*REQUIREMENT*.
Give all of the data again exactly as written, omitting every image.

*MATERIAL PROVIDED*.
- Opening Delimiter -
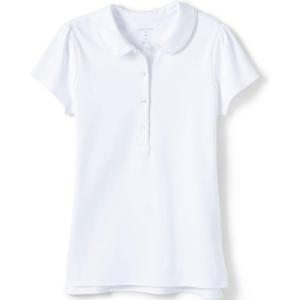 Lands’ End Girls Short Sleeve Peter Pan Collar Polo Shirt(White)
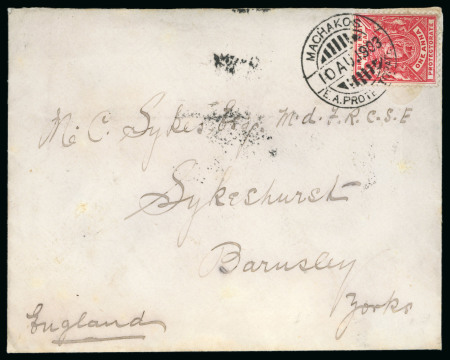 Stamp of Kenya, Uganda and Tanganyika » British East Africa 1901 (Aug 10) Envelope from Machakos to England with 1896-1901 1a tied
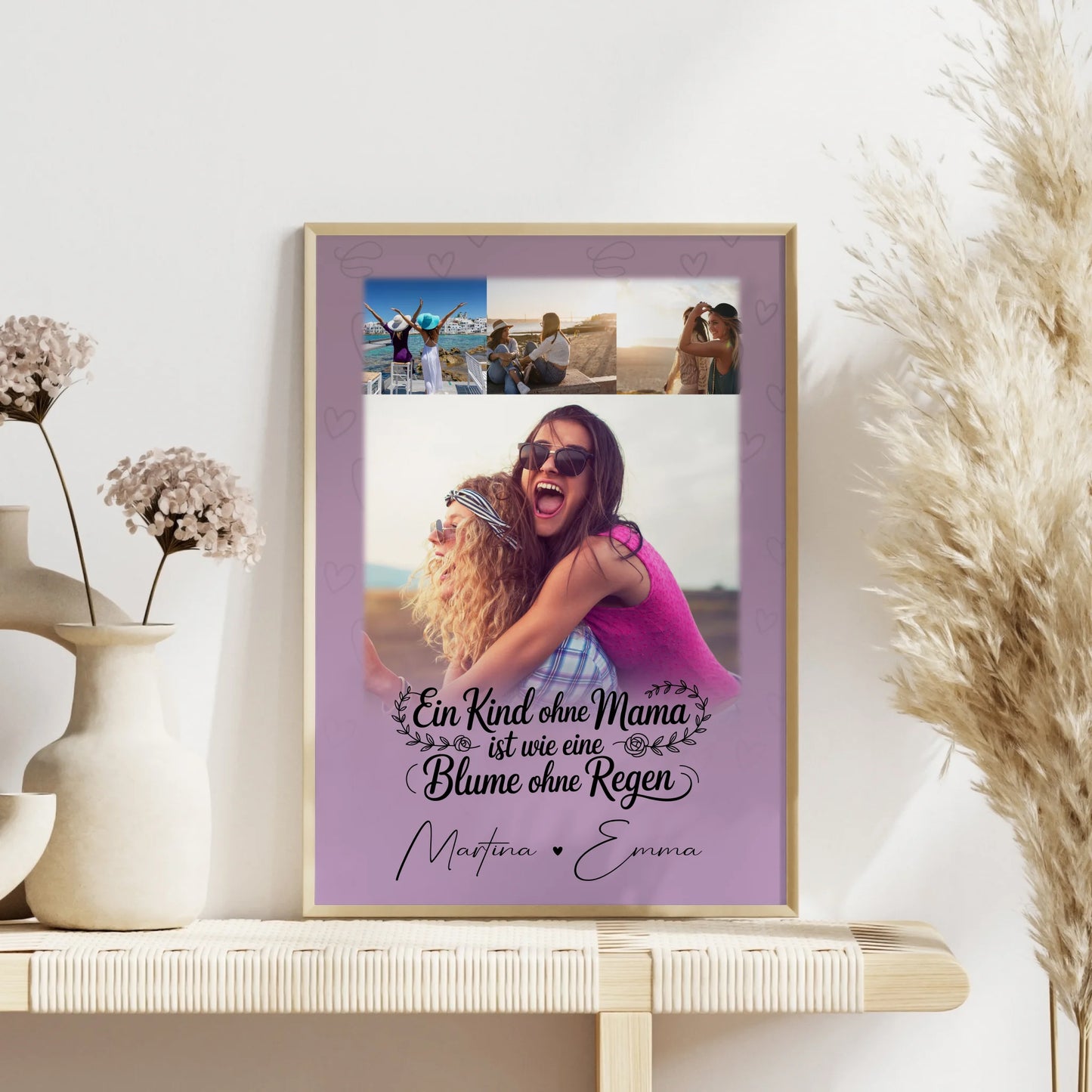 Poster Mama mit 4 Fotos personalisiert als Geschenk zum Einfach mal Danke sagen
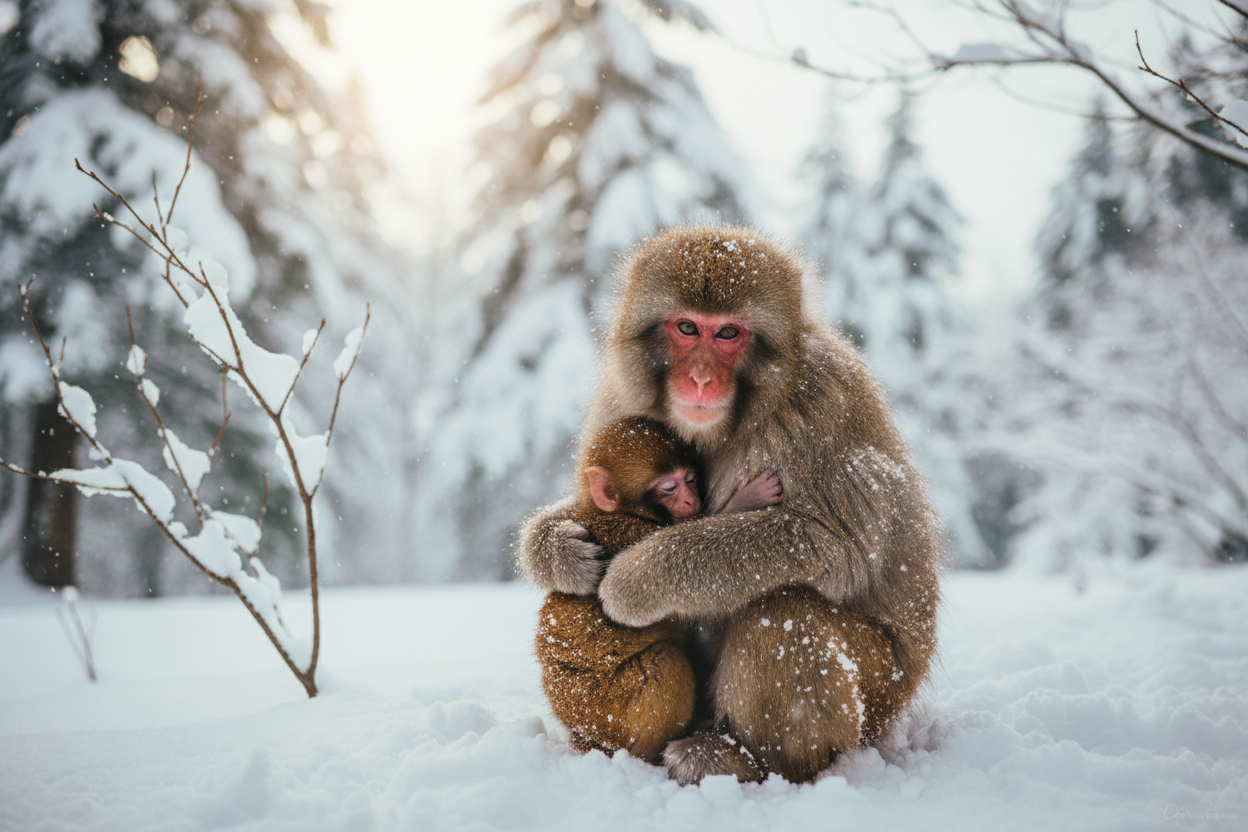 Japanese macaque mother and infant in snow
- Closing Delimiter -
*EXERCISE RESPONSE*.
 Lands’ End Girls Short Sleeve Peter Pan Collar Polo Shirt(White)
 Stamp of Kenya, Uganda and Tanganyika » British East Africa 1901 (Aug 10) Envelope from Machakos to England with 1896-1901 1a tied
 Poster Mama mit 4 Fotos personalisiert als Geschenk zum Einfach mal Danke sagen
 Japanese macaque mother and infant in snow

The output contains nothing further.